WHAT IS EXPECTED -
Without pictures, repeat exactly the lines from the one containing "Hello, in this" through the end of the entries.

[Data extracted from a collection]
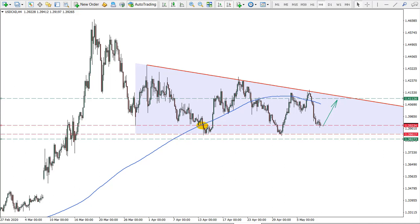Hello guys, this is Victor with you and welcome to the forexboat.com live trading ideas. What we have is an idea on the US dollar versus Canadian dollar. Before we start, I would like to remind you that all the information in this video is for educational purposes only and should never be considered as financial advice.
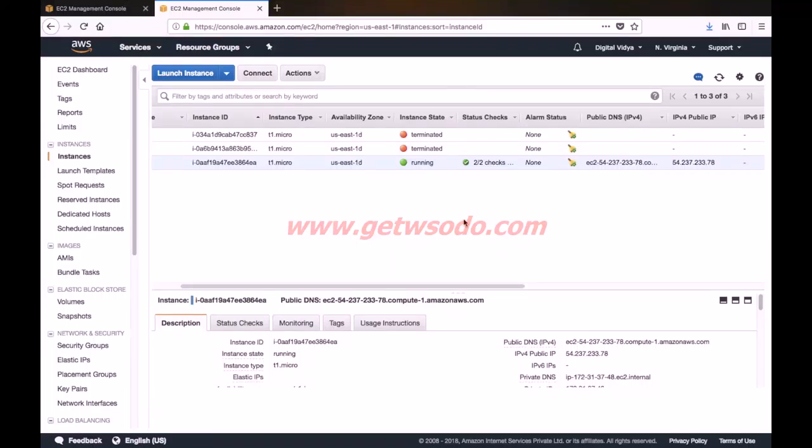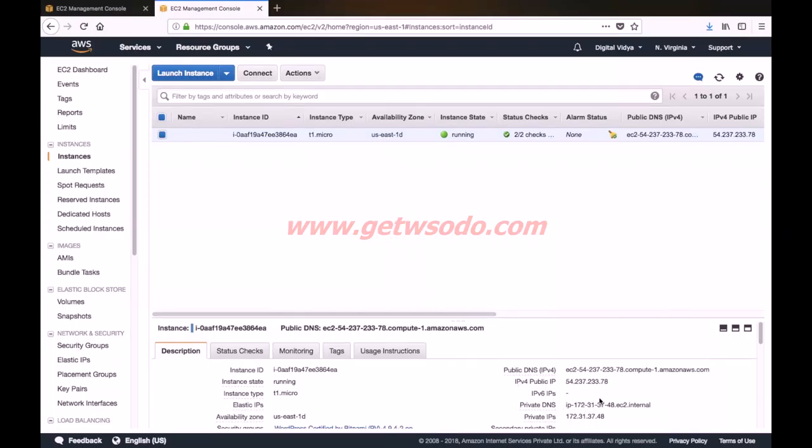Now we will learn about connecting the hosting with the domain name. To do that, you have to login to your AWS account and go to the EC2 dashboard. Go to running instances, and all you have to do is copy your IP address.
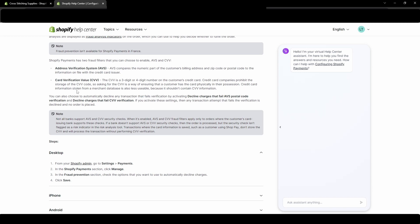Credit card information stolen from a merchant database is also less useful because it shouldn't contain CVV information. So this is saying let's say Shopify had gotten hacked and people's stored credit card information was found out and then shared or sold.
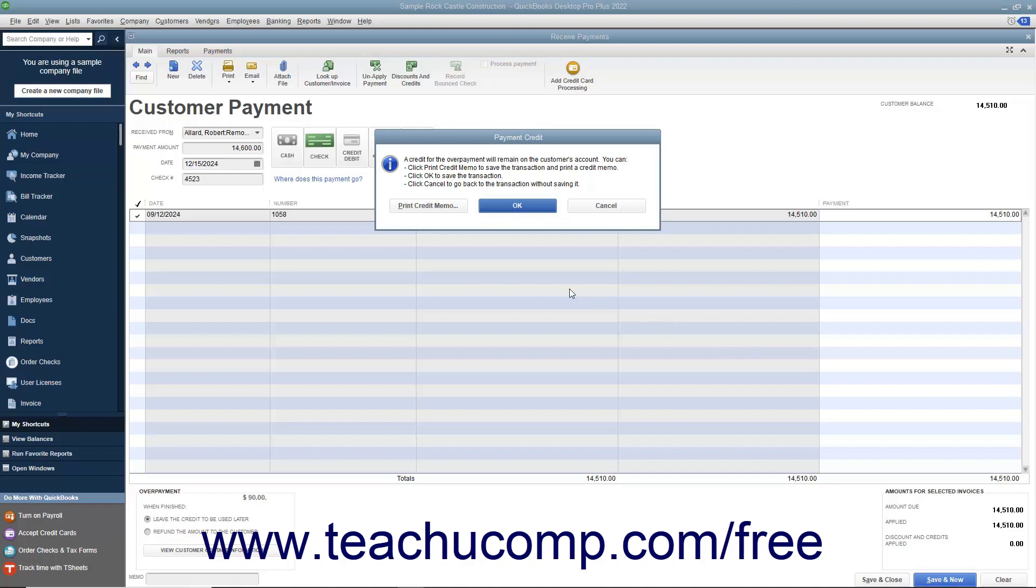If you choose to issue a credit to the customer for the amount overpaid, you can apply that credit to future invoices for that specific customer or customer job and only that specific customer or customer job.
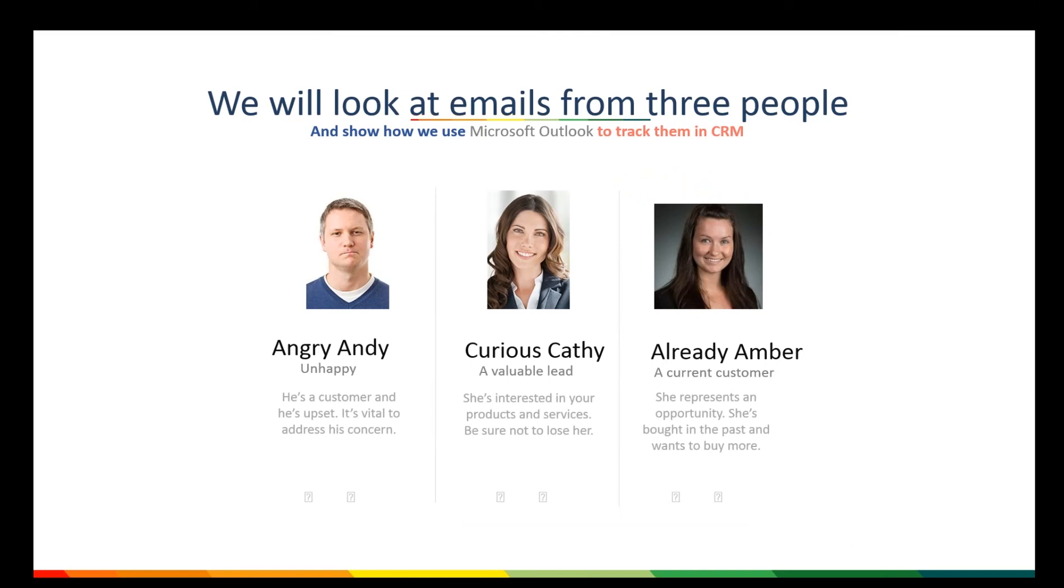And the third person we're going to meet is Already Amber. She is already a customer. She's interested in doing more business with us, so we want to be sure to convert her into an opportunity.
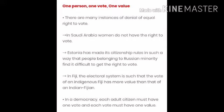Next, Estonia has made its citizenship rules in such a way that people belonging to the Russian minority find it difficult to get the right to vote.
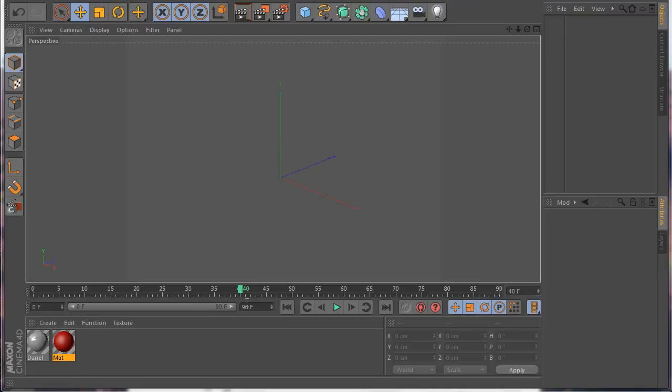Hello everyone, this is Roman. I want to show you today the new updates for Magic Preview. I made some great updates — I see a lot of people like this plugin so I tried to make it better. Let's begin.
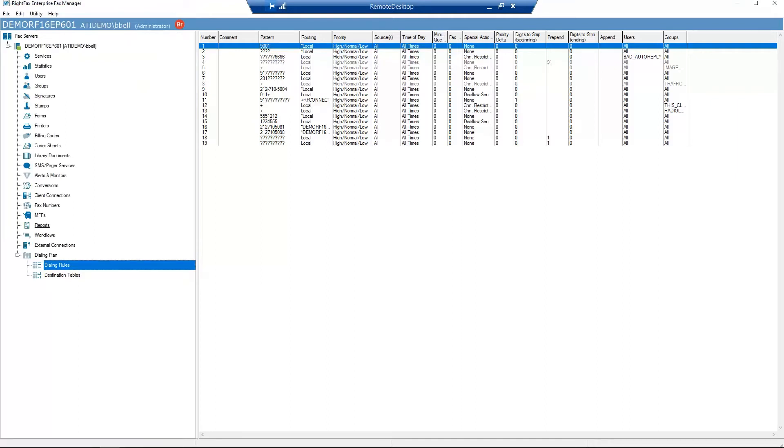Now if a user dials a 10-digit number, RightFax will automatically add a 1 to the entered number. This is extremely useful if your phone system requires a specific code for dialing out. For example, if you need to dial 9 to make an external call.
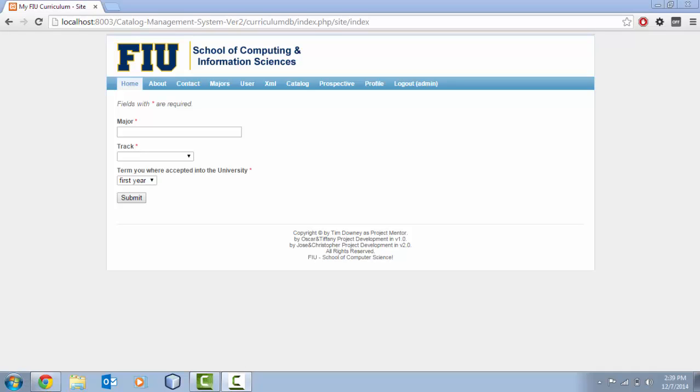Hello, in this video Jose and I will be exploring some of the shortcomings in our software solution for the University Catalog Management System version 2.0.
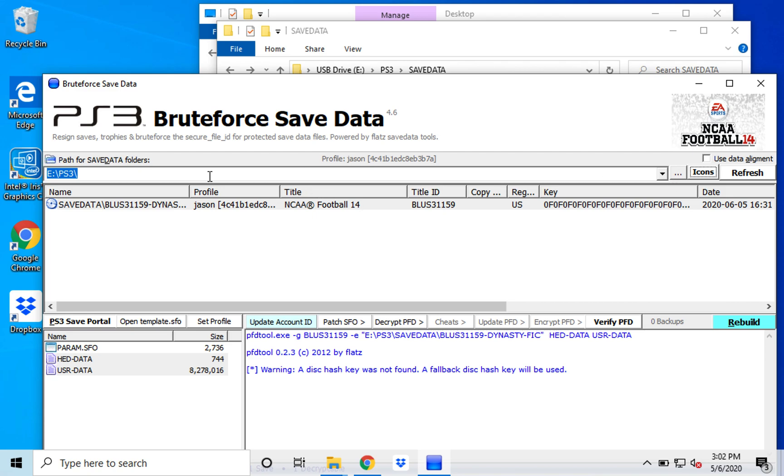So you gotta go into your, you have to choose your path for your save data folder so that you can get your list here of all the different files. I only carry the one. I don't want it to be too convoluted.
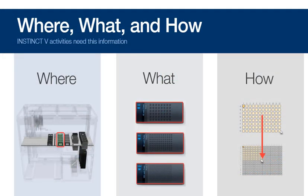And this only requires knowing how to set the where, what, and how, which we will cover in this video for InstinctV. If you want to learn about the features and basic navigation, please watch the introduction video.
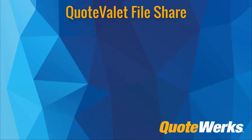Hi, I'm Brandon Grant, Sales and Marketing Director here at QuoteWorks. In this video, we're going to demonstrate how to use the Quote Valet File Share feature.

RESPONSE -
Hello, in this video Jose and I will be exploring some of the shortcomings in our software solution for the University Catalog Management System version 2.0.
So you gotta go into your, you have to choose your path for your save data folder so that you can get your list here of all the different files. I only carry the one. I don't want it to be too convoluted.
And this only requires knowing how to set the where, what, and how, which we will cover in this video for InstinctV. If you want to learn about the features and basic navigation, please watch the introduction video.
Hi, I'm Brandon Grant, Sales and Marketing Director here at QuoteWorks. In this video, we're going to demonstrate how to use the Quote Valet File Share feature.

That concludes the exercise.